- **EXERCISE AIM**: Print verbatim the opening line of the material and every subsequent line through the one containing "The Hoot Hoots".

- **RECORD EXCERPTS**:
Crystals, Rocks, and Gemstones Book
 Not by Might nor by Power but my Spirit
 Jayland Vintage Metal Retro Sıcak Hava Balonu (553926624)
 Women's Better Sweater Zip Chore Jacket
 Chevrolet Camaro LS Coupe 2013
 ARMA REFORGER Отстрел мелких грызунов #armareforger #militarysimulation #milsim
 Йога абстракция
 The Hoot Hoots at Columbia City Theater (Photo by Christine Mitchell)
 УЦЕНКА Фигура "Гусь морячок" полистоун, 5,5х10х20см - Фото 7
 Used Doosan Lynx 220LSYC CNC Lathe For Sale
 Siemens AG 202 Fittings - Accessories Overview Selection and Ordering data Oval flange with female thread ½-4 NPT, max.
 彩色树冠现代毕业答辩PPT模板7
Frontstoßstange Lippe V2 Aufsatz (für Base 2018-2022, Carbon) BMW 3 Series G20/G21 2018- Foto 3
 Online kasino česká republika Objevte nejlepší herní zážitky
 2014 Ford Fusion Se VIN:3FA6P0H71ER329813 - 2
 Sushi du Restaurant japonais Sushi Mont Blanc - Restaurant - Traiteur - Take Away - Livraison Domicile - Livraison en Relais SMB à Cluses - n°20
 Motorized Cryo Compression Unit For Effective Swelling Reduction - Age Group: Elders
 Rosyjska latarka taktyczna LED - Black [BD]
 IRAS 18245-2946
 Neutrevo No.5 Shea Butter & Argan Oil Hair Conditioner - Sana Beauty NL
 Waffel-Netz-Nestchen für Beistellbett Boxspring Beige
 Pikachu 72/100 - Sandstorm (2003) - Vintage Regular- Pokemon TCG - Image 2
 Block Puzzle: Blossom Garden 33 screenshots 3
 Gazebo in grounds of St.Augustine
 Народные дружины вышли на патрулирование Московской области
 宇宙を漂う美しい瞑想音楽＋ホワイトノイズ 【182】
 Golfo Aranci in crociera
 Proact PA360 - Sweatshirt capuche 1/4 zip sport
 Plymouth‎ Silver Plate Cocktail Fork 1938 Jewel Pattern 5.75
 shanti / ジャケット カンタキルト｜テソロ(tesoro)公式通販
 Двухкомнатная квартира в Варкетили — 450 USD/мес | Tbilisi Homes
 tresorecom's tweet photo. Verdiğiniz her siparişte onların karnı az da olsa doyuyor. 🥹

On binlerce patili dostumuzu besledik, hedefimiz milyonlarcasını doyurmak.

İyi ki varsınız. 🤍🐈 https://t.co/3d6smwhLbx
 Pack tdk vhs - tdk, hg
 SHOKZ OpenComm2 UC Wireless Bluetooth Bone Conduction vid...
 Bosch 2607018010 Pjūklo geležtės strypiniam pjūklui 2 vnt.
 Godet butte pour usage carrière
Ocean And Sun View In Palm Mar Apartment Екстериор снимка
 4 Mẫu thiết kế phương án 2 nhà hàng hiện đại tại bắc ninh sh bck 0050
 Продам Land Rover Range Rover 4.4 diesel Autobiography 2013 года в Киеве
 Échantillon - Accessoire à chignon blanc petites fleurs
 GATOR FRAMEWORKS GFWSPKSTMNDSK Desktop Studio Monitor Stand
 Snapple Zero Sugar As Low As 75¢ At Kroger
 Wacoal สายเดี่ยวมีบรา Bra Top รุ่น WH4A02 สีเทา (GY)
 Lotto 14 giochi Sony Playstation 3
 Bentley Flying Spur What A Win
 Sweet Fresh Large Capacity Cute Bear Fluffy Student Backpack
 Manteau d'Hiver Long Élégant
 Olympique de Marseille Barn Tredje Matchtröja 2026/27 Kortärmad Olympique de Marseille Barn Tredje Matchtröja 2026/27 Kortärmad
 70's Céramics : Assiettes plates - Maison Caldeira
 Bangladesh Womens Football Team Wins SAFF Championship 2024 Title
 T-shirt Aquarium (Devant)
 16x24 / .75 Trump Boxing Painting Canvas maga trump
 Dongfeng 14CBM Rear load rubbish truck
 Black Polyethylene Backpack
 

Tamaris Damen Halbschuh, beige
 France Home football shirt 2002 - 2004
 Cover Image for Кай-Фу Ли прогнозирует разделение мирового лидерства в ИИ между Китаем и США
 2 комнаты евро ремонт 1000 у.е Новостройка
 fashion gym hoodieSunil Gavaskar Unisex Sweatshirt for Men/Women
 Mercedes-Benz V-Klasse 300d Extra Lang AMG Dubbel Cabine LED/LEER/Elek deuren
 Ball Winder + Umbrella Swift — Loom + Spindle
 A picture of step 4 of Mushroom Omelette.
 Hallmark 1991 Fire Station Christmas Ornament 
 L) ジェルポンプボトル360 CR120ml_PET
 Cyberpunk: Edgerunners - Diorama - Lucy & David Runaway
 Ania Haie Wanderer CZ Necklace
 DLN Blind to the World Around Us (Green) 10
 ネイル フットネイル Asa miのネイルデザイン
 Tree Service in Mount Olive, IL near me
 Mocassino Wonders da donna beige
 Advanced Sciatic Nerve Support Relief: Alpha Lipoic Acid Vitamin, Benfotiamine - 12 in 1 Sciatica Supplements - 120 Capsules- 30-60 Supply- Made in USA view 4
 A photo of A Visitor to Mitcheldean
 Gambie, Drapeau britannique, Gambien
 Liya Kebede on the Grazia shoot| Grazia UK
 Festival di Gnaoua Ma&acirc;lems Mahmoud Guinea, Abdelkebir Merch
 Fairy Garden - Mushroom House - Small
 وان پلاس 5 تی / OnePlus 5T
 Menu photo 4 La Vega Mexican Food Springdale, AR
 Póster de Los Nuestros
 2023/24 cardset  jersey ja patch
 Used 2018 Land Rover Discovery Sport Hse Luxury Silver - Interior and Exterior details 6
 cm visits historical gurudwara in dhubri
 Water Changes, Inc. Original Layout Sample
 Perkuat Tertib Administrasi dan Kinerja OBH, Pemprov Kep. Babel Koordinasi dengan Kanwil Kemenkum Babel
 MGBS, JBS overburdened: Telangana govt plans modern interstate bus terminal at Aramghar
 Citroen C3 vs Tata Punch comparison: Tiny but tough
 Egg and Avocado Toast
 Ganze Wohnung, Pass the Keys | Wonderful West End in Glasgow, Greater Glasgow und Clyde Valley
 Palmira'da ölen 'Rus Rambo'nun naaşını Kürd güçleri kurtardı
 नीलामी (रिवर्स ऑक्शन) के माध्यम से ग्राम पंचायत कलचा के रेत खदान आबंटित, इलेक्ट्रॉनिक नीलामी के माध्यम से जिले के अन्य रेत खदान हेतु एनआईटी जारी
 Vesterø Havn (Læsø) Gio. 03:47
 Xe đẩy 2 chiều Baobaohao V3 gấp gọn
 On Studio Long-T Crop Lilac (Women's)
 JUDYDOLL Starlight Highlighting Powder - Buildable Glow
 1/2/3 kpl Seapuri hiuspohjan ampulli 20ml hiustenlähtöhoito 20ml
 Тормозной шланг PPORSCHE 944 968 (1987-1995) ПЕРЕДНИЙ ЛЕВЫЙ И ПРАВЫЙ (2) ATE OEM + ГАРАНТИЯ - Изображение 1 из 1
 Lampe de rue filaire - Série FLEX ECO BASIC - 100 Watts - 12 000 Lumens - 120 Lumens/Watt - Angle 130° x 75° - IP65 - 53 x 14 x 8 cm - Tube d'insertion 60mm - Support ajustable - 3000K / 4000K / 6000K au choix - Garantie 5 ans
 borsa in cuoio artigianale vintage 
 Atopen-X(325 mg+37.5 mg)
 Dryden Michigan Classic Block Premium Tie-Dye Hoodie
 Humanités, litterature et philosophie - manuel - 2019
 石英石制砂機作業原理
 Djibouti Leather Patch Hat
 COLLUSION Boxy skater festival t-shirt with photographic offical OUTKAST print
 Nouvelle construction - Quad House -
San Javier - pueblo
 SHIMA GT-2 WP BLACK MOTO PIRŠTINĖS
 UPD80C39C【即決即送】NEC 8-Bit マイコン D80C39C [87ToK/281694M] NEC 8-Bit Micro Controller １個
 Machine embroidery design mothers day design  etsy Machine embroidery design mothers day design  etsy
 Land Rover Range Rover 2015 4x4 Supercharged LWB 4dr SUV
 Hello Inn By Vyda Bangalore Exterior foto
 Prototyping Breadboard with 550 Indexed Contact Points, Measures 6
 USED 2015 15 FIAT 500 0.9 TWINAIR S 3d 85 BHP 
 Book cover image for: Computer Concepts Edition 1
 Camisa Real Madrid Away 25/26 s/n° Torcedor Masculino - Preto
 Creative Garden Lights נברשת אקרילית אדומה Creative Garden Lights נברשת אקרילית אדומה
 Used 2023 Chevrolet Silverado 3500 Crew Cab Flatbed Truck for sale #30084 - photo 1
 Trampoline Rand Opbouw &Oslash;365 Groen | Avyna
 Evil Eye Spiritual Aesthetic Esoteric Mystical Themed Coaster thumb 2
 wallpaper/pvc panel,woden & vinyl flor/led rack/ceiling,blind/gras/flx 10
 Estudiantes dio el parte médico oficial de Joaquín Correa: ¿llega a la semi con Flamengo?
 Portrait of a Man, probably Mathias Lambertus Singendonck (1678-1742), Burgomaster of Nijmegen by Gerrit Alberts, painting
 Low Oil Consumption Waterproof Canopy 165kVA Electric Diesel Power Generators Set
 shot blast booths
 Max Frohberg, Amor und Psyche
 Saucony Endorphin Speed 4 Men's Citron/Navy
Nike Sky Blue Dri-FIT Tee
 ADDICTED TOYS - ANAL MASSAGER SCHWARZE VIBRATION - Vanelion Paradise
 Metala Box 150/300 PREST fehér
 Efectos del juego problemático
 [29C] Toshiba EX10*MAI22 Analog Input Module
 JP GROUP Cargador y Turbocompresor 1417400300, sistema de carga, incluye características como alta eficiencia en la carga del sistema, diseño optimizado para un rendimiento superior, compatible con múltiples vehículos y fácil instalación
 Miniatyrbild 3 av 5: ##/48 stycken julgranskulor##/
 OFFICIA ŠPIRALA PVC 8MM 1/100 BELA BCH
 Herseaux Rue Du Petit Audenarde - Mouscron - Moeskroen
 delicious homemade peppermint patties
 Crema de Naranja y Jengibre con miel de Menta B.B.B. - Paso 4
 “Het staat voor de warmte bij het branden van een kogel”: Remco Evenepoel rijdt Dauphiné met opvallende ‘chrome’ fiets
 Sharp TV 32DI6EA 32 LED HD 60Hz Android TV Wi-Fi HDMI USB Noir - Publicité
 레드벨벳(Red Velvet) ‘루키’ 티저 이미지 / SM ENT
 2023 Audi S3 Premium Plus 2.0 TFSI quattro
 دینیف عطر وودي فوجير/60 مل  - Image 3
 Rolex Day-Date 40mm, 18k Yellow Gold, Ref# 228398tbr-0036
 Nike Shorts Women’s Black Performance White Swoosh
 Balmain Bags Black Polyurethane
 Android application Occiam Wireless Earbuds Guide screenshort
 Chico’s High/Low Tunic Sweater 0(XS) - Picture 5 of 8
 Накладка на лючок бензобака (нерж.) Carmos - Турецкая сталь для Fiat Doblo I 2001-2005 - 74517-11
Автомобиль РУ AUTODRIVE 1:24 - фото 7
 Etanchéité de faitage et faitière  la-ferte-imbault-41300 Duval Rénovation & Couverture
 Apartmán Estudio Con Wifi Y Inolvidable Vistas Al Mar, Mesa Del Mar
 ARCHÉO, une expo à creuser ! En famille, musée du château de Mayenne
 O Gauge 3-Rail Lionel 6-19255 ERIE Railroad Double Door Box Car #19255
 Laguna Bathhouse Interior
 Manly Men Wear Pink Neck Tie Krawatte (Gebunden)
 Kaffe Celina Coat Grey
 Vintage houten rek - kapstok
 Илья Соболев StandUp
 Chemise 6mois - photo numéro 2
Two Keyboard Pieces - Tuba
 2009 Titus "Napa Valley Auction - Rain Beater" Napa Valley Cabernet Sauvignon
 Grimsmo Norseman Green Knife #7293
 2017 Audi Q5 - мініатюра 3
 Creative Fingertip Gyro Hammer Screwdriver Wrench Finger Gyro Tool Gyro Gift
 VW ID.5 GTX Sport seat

- **ANSWER TO THE EXERCISE**:
Crystals, Rocks, and Gemstones Book
 Not by Might nor by Power but my Spirit
 Jayland Vintage Metal Retro Sıcak Hava Balonu (553926624)
 Women's Better Sweater Zip Chore Jacket
 Chevrolet Camaro LS Coupe 2013
 ARMA REFORGER Отстрел мелких грызунов #armareforger #militarysimulation #milsim
 Йога абстракция
 The Hoot Hoots at Columbia City Theater (Photo by Christine Mitchell)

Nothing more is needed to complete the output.